◆ **Task statement**
Verbatim copy, images removed: write out the entries below.

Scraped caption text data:

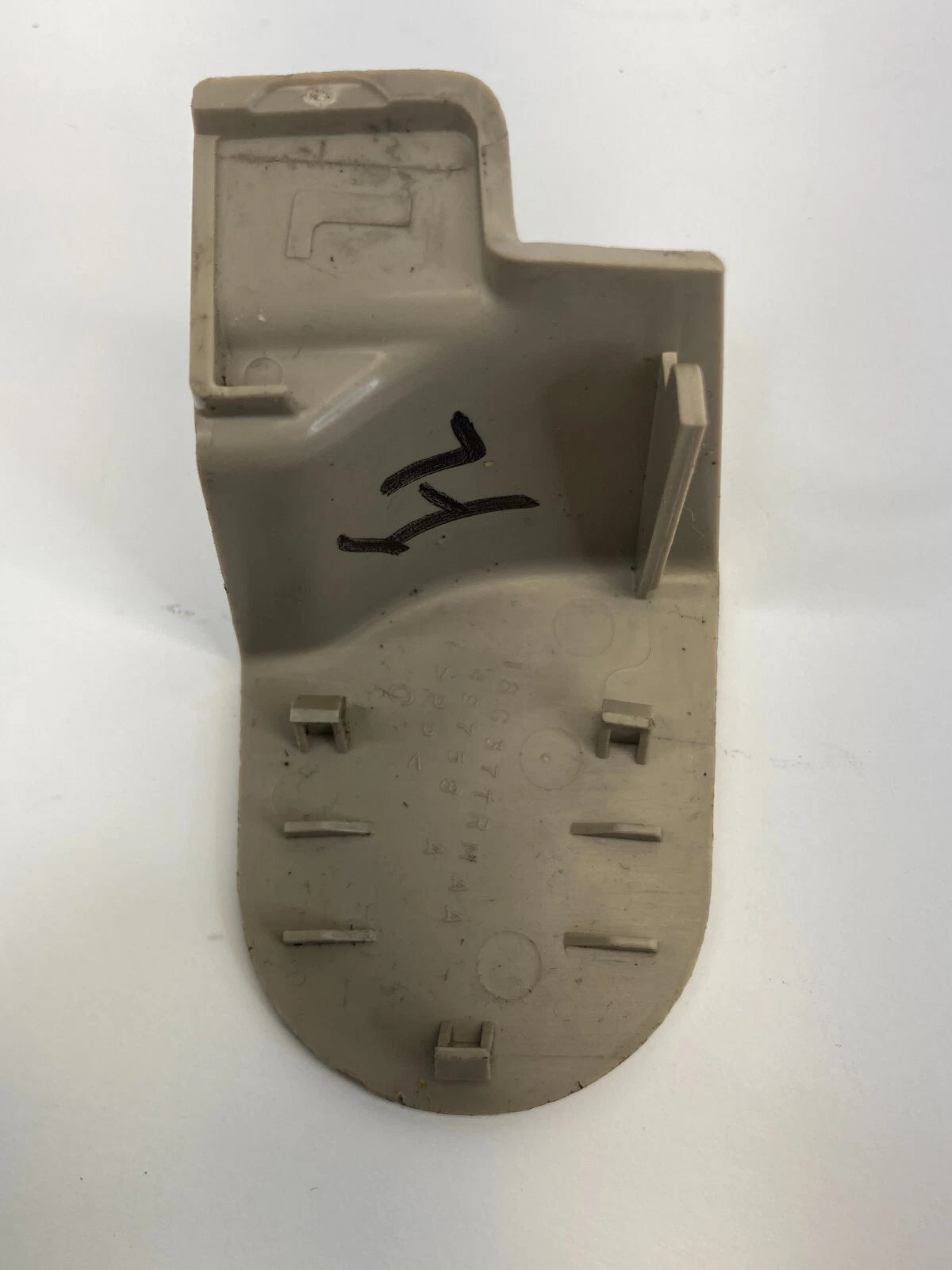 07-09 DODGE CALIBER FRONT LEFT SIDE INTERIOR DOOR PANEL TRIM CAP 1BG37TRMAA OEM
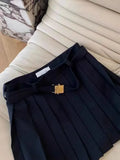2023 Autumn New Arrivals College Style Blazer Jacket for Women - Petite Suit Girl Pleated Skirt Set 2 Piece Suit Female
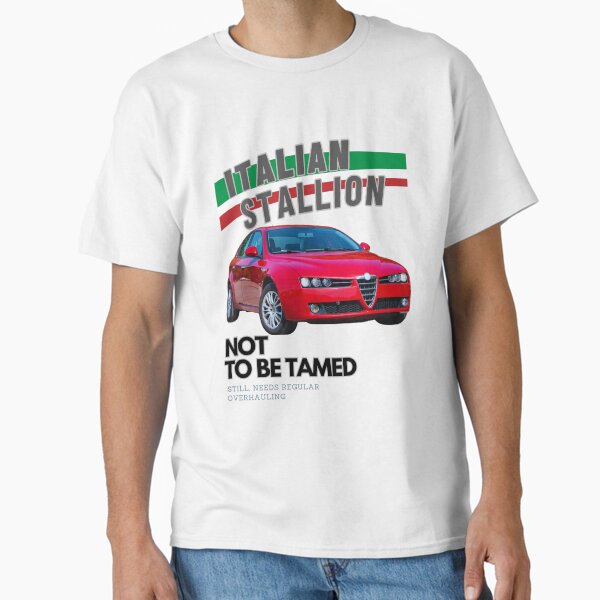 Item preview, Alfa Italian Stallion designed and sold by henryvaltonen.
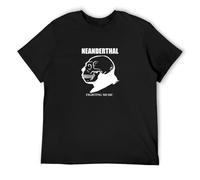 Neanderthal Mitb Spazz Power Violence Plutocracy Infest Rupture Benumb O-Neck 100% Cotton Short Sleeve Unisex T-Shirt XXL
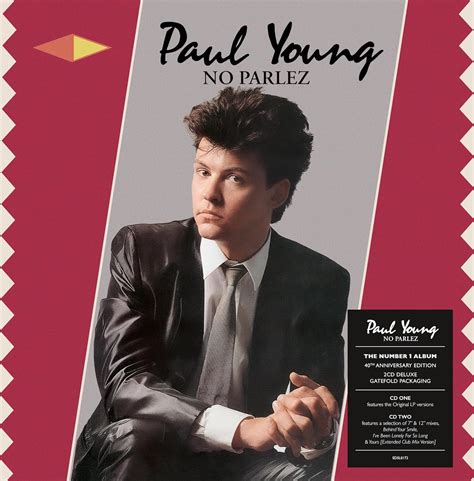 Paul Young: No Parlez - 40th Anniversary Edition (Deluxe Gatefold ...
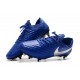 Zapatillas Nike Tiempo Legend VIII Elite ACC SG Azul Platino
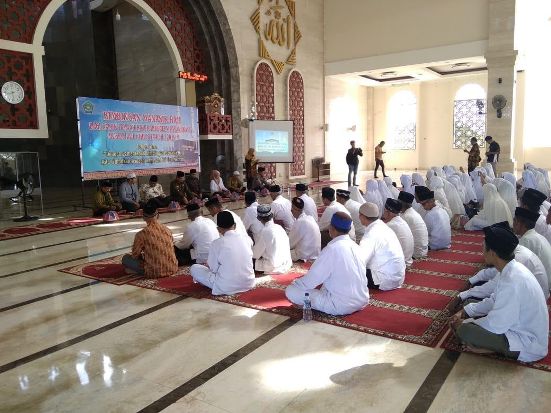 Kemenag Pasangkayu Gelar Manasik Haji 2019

◆ **Answer for the task**
 07-09 DODGE CALIBER FRONT LEFT SIDE INTERIOR DOOR PANEL TRIM CAP 1BG37TRMAA OEM
2023 Autumn New Arrivals College Style Blazer Jacket for Women - Petite Suit Girl Pleated Skirt Set 2 Piece Suit Female
 Item preview, Alfa Italian Stallion designed and sold by henryvaltonen.
 Neanderthal Mitb Spazz Power Violence Plutocracy Infest Rupture Benumb O-Neck 100% Cotton Short Sleeve Unisex T-Shirt XXL
 Paul Young: No Parlez - 40th Anniversary Edition (Deluxe Gatefold ...
 Zapatillas Nike Tiempo Legend VIII Elite ACC SG Azul Platino
 Kemenag Pasangkayu Gelar Manasik Haji 2019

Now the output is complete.